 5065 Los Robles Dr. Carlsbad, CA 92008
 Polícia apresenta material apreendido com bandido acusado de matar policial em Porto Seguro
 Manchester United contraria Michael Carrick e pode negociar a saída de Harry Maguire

-=-=-

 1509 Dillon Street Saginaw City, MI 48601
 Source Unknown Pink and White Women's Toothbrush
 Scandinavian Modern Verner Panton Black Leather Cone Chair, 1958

-=-=-

Exercise
Write out exactly the lines that fall from the line with "5065 Los Robles Dr. Carlsbad, CA 92008" to the line with "Manchester United contraria" in the records above, keeping both ends.

Solution for this problem
 5065 Los Robles Dr. Carlsbad, CA 92008
 Polícia apresenta material apreendido com bandido acusado de matar policial em Porto Seguro
 Manchester United contraria Michael Carrick e pode negociar a saída de Harry Maguire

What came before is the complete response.